REQUIRED ACTION: Each record that follows is to be transcribed exactly, excluding its images.

==*==

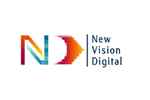 New Vision Digital Pvt Ltd - Logo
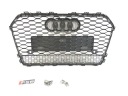 RS6 РЕШІТКА РЕШІТКА РАДІАТОРА РАДІАТОРА AUDI A6 C7 РЕСТАЙЛ 2014-18 QUATTRO (S-LINE)PDC  (16645654306) фото min 7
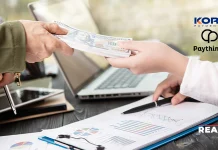 KORT Payments and Paythings Modernize Cash with Smart Safes, Next-Day Deposit and Lower Costs KORT Payments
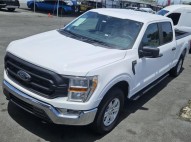 Ford F150 XL 4Pts 4x4 2021 IMPECABLEJJR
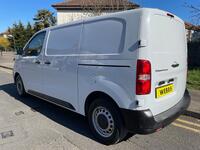 CITROEN DISPATCH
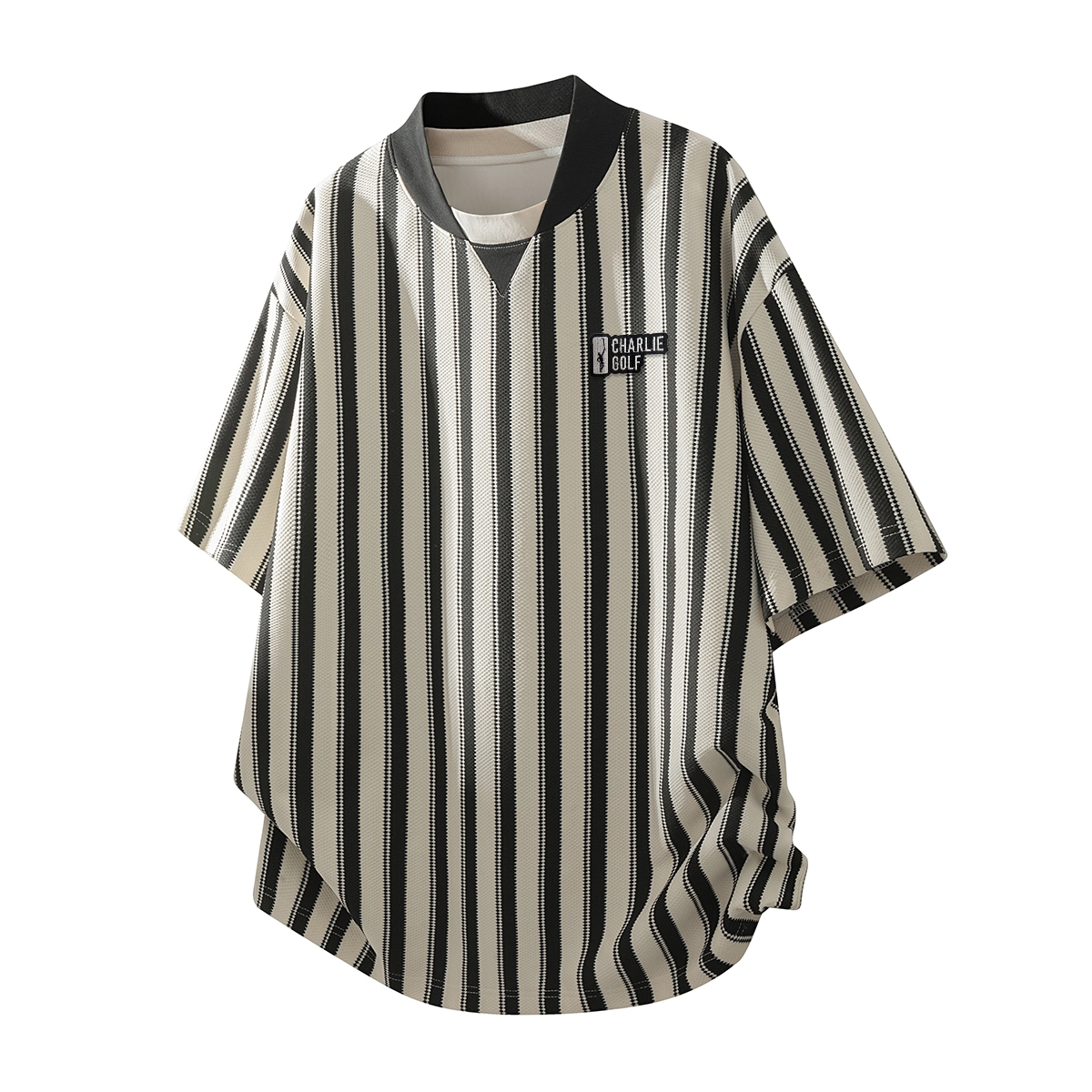 CHARLIE GOLF T
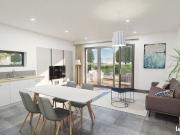 Appartement 4 pièces LES JARDINS DE L'ETANG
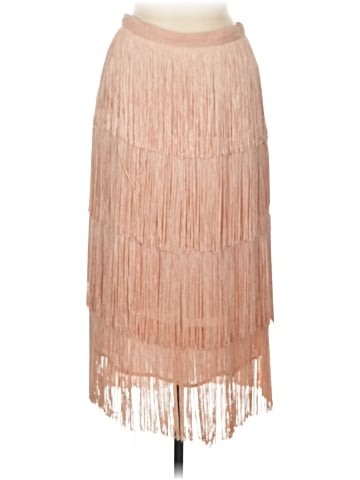 Maeve by Anthropologie Formal Skirt (view 1)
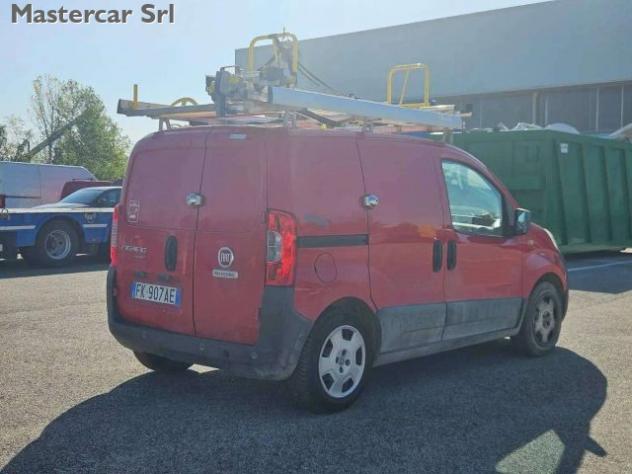 FIAT Fiorino 1.3 MJT 95CV Furgone Adventure E6 - FK907AE rif. 24180921 - Foto 8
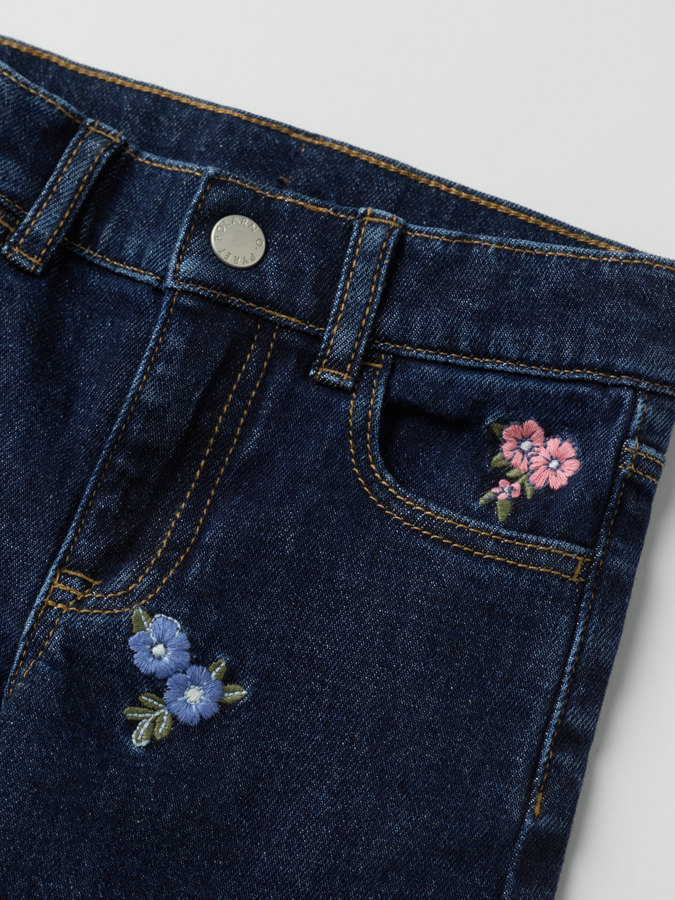 SALLY jeans Wide fit SALLY jeans Wide fit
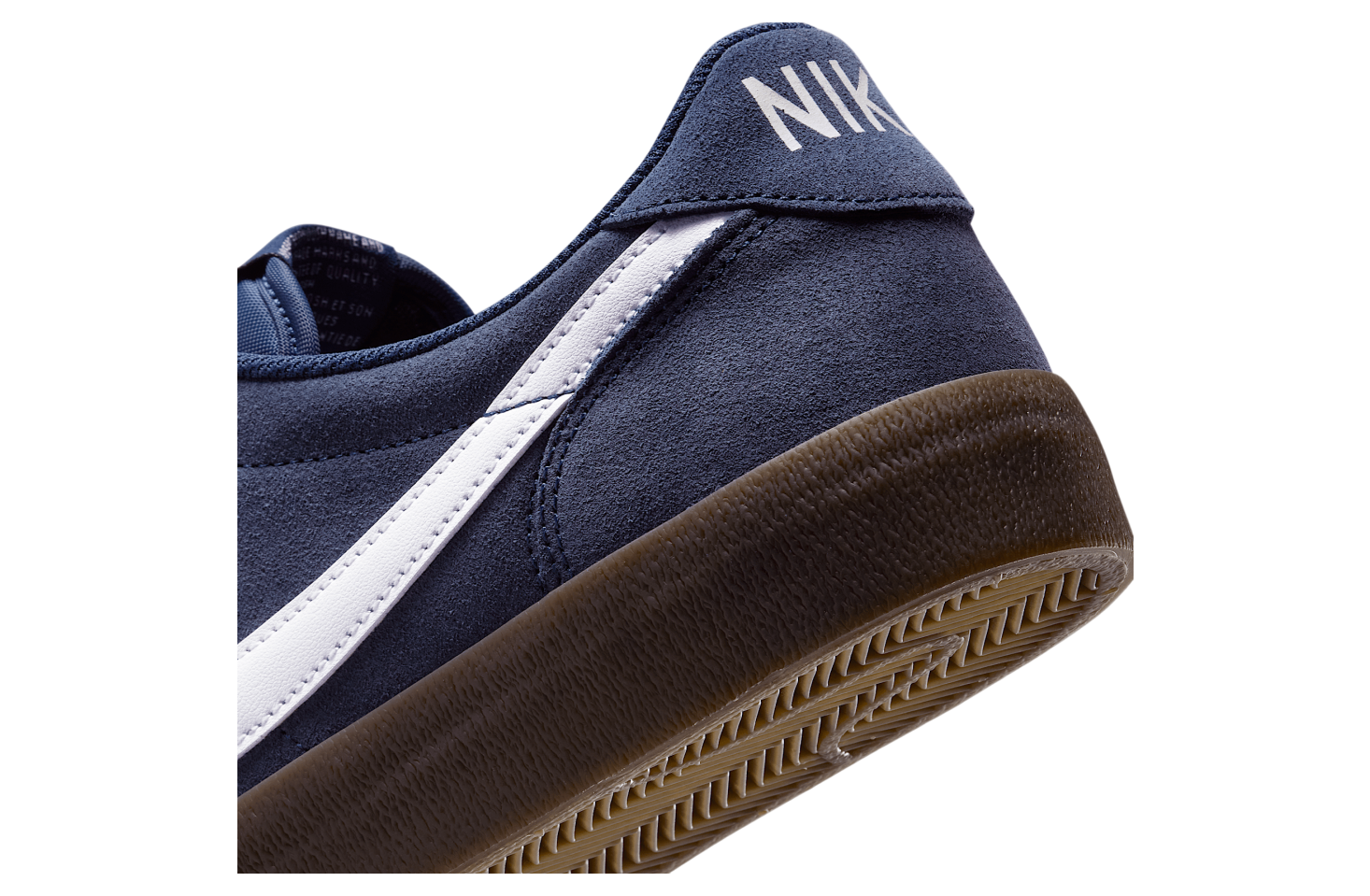 Nike Killshot 2 Midnight Navy / Gum Dark Brown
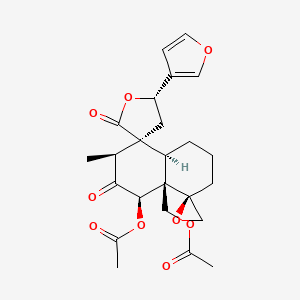 6-Acetylpicropolin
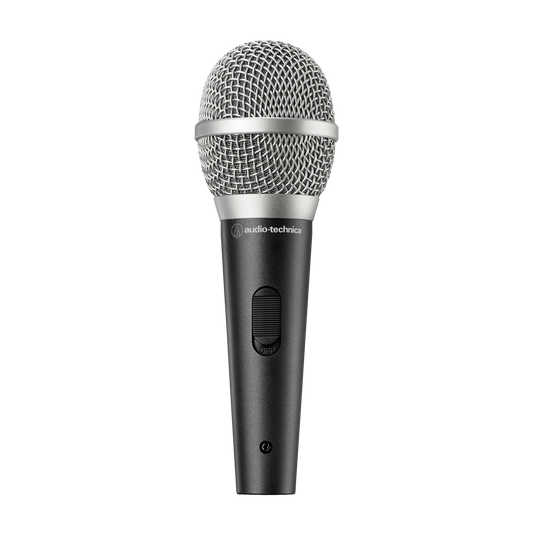 Audio-Technica ATR1500X Unidirectional Dynamic Mic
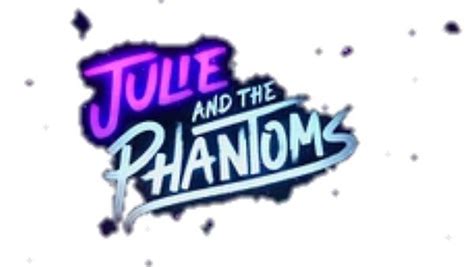 Julie And The Phantom Merchandise For Tvshow Fans And Netflix Binge
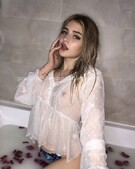 Анкета проститутки Марго - метро Саларьево, возраст - 24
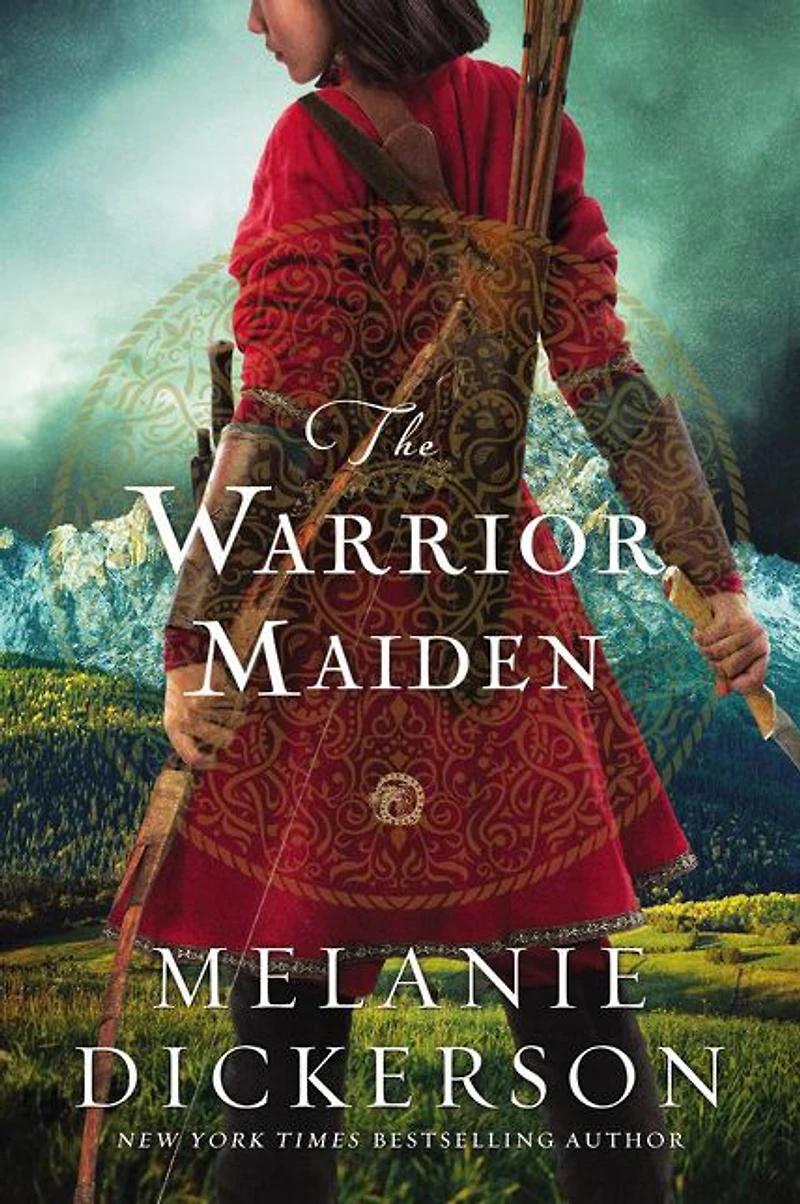 The Warrior Maiden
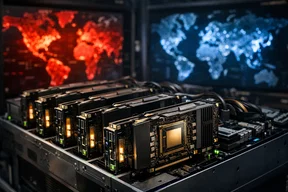 NVIDIA domina il mercato GPU: quali sono le conseguenze per il settore?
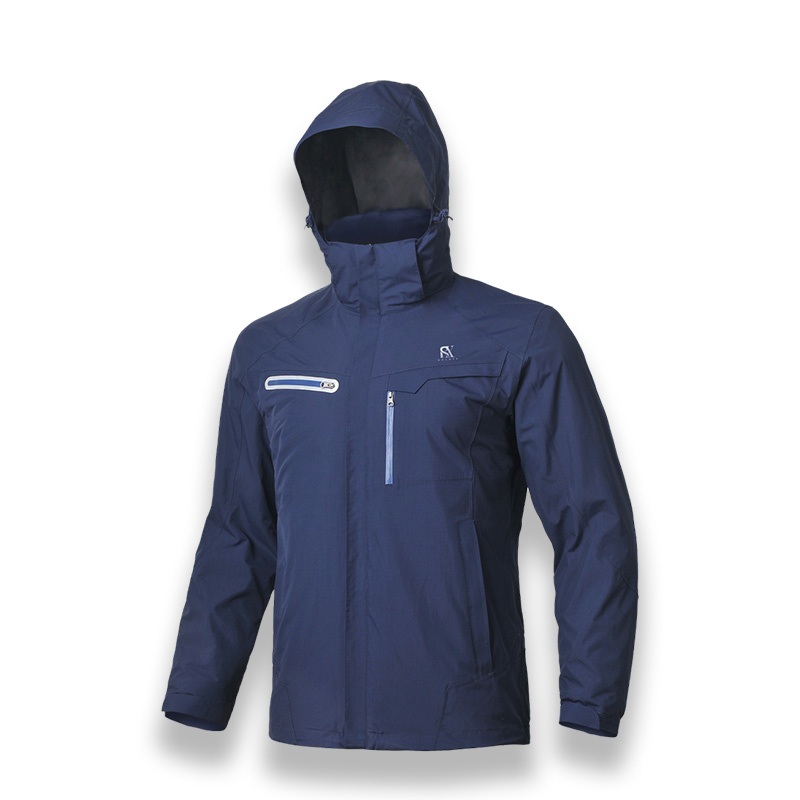 New Fashion Breathable Puffer Jacket Lightweight Waterproof Outdoor Wear Jacket – Jacket and Jackets price
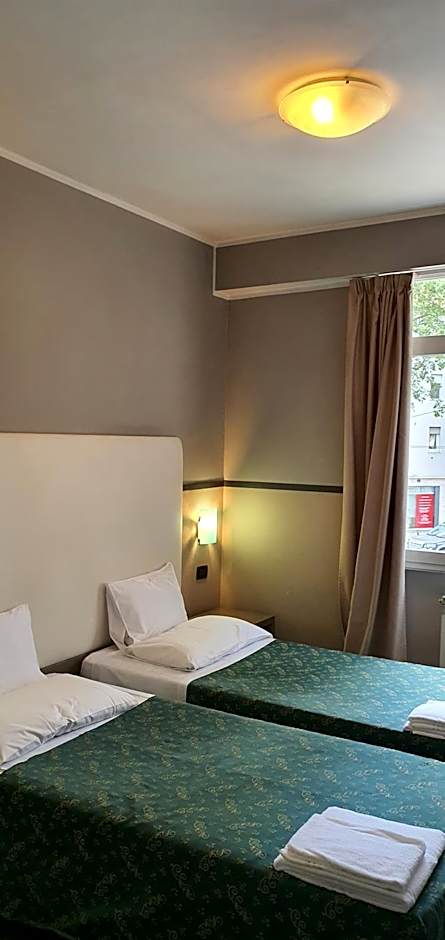 Hotel Laguna Residence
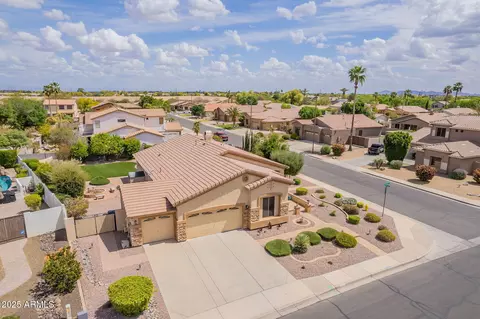1919 S Granite St, Gilbert, AZ 85295 photo 42
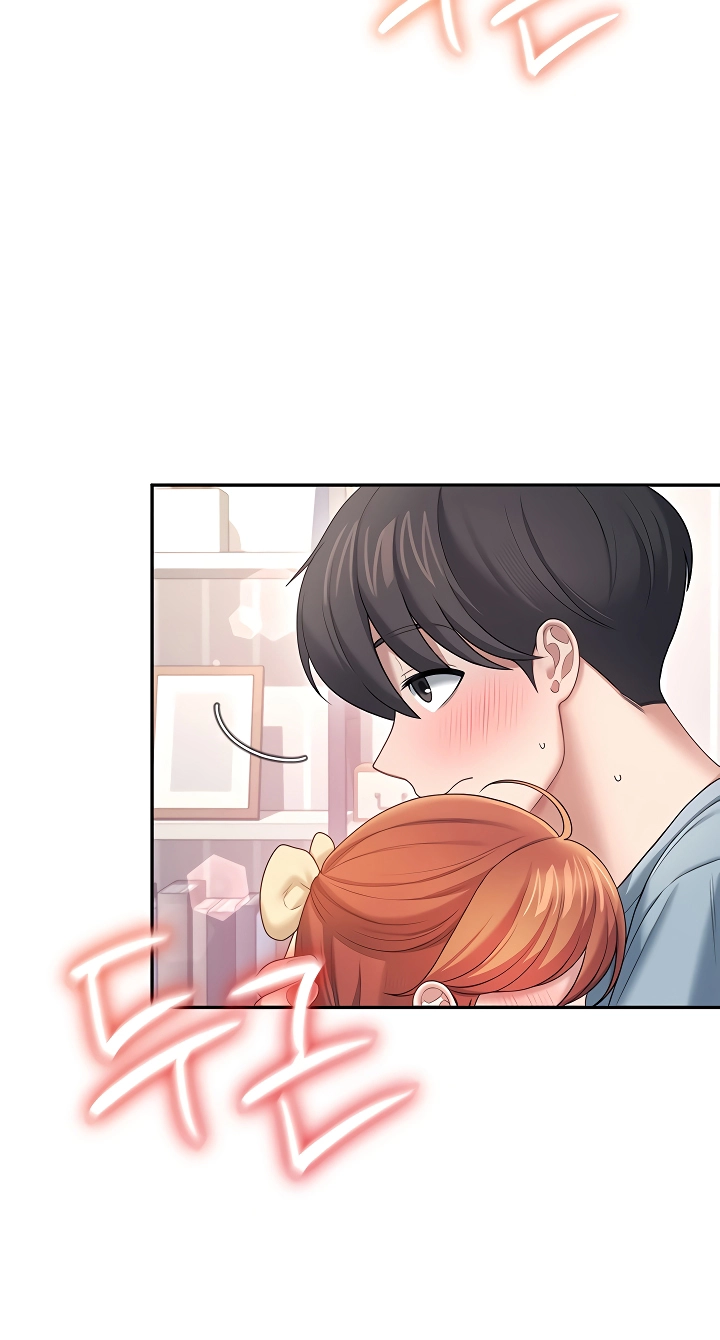 Wireless Onahole Chapter 98 page 68 - 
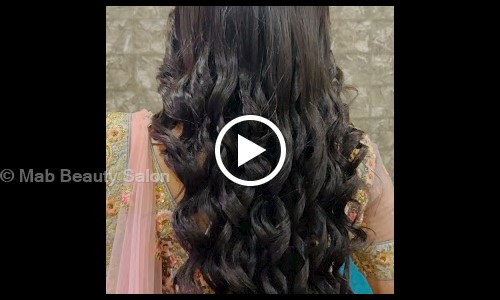 Mab Beauty Salon in Ashok Nagar, Ranchi - 834002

==*==

RESPONSE FOR THIS EXERCISE:
 New Vision Digital Pvt Ltd - Logo
 RS6 РЕШІТКА РЕШІТКА РАДІАТОРА РАДІАТОРА AUDI A6 C7 РЕСТАЙЛ 2014-18 QUATTRO (S-LINE)PDC  (16645654306) фото min 7
 KORT Payments and Paythings Modernize Cash with Smart Safes, Next-Day Deposit and Lower Costs KORT Payments
 Ford F150 XL 4Pts 4x4 2021 IMPECABLEJJR
 CITROEN DISPATCH
 CHARLIE GOLF T
 Appartement 4 pièces LES JARDINS DE L'ETANG
 Maeve by Anthropologie Formal Skirt (view 1)
 FIAT Fiorino 1.3 MJT 95CV Furgone Adventure E6 - FK907AE rif. 24180921 - Foto 8
 SALLY jeans Wide fit SALLY jeans Wide fit
 Nike Killshot 2 Midnight Navy / Gum Dark Brown
 6-Acetylpicropolin
 Audio-Technica ATR1500X Unidirectional Dynamic Mic
 Julie And The Phantom Merchandise For Tvshow Fans And Netflix Binge
 Анкета проститутки Марго - метро Саларьево, возраст - 24
 The Warrior Maiden
 NVIDIA domina il mercato GPU: quali sono le conseguenze per il settore?
 New Fashion Breathable Puffer Jacket Lightweight Waterproof Outdoor Wear Jacket – Jacket and Jackets price
 Hotel Laguna Residence
1919 S Granite St, Gilbert, AZ 85295 photo 42
 Wireless Onahole Chapter 98 page 68 - 
 Mab Beauty Salon in Ashok Nagar, Ranchi - 834002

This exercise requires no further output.